Au vu et au su de tout le monde, le cabinet du président de la République s’était mué en autorité de tutelle, neutralisant le conseil d’administration, le gouvernement et l’ensemble des institutions de contrôle.
Durant le procès de Renaud Allogho Akoué, on a entendu des choses peu conformes aux règles de bonne gouvernance. Ainsi, l’ancien directeur général de la Caisse nationale d’assurance-maladie et de garantie sociale (Cnam-GS) aurait été nommé sur recommandation de l’ancien directeur de cabinet du président de la République. Tout au long de son bail à la tête de la Cnam-GS, il prenait ses ordres de son mentor supposé. Autrement dit, l’identification des préposés aux fonctions ne relève pas de la responsabilité des ministres mais de celle du cabinet présidentiel. La tutelle de l’État s’exerce non pas conformément aux dispositions y relatives mais, en fonction des accointances et allégeances diverses. Au-delà, il n’existe aucune différence entre tutelle technique, tutelle financière et tutelle économique.

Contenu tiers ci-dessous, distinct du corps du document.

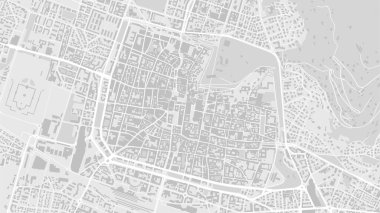 White and light grey Brescia City area vector background map, streets and water cartography illustration. Widescreen proportion, digital flat design streetmap. clipart
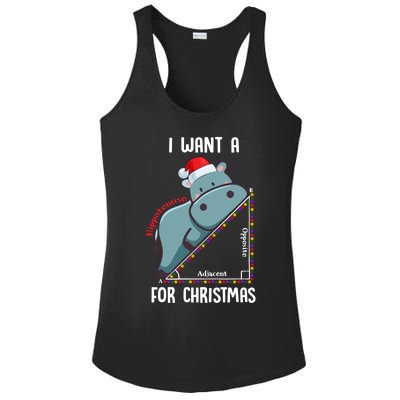 I Want A Hippotenuse For Christmas Math Teacher Xmas Hippo Gift Ladies PosiCharge Competitor Racerback Tank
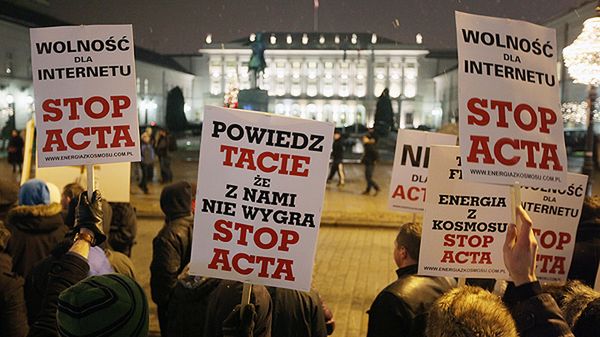 Tak protestowano przeciw ACTA w Warszawie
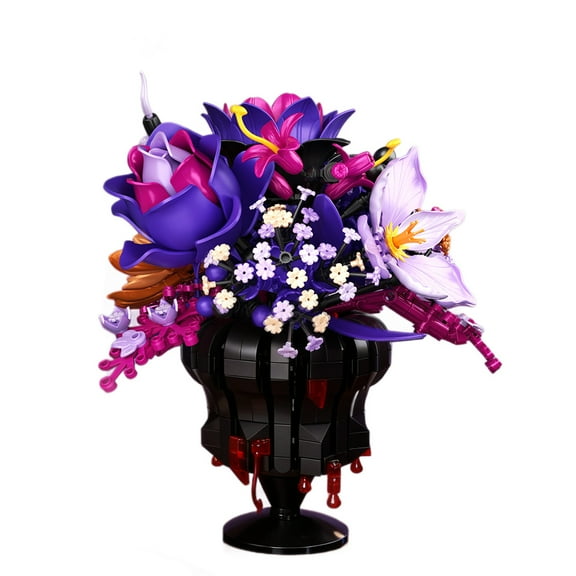 Honchoes Gothic Purple Artificial Flower Building Set Compatible with Lego Botanical Decor Gift for Adults 947Pcs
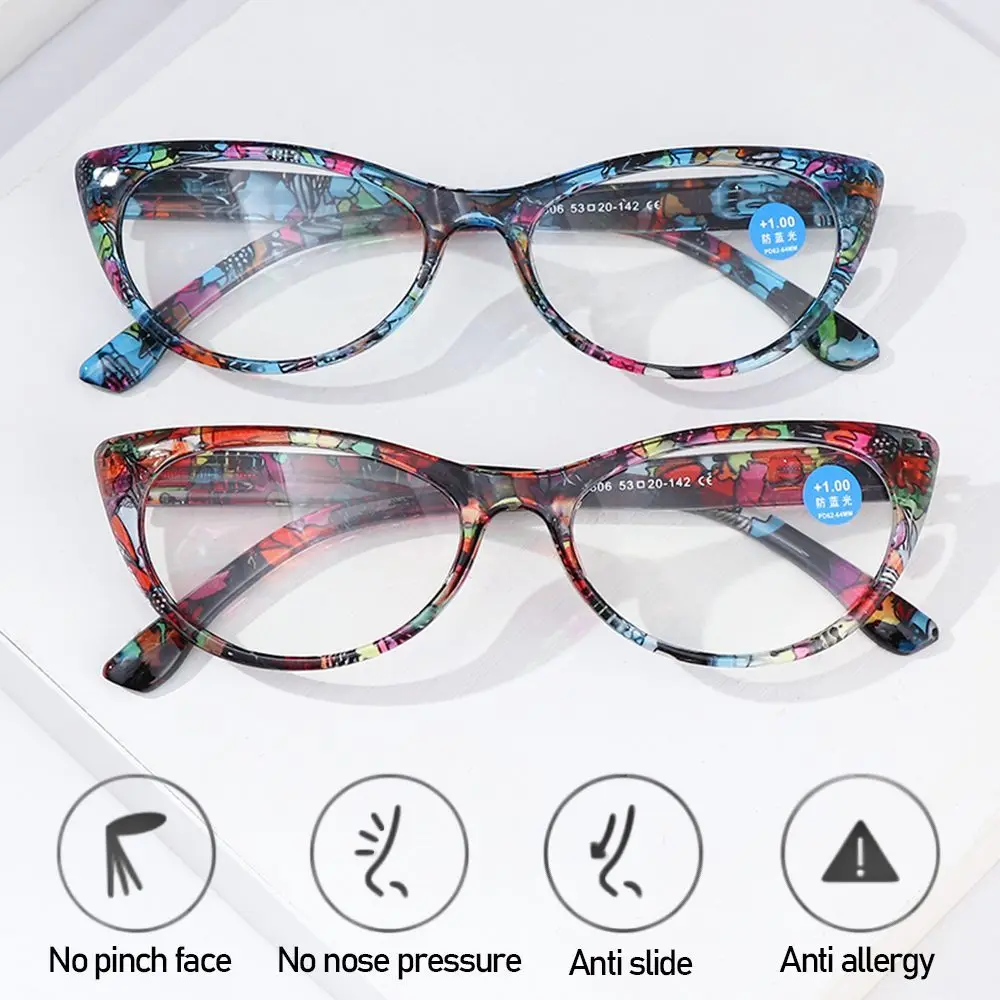 Fashion Cat Eye Reading Glasses Anti Blue Light Eyeglasses Women Floral Print Anti Eyestrain Glasses Eye Protection Vision Care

Violation des règles et concentration des pouvoirs
A l’évidence, ni la loi n° 11/82 sur le régime juridique des établissements publics ni la loi n° 12/82 portant organisation de la tutelle de l’État n’ont été respectées. Bien au contraire. Elles ont été royalement ignorées. Le même constat vaut pour l’ordonnance n° 022/PR/2007 instituant un régime obligatoire d’assurance-maladie et de garantie sociale. Et pour cause : en son article 5 alinéa 2, le premier texte dispose : «(Dans les établissements publics), le directeur général est nommé par décret du président de la République sur proposition du ministre assurant la tutelle technique.» En son article 11, la même loi ajoute : «La tutelle de l’État sur les établissements publics s’exerce dans les conditions et formes prévues par les textes régissant la matière.» Or, en son article 29, le texte de création de la Cnam-GS affirme : «Le directeur général est nommé par décret sur une liste d’aptitude établie par le conseil d’administration.» Nulle part, il n’est fait mention du rôle du directeur de cabinet du président de la République. Comment s’était-il arrogé cette prérogative sans être recadré ?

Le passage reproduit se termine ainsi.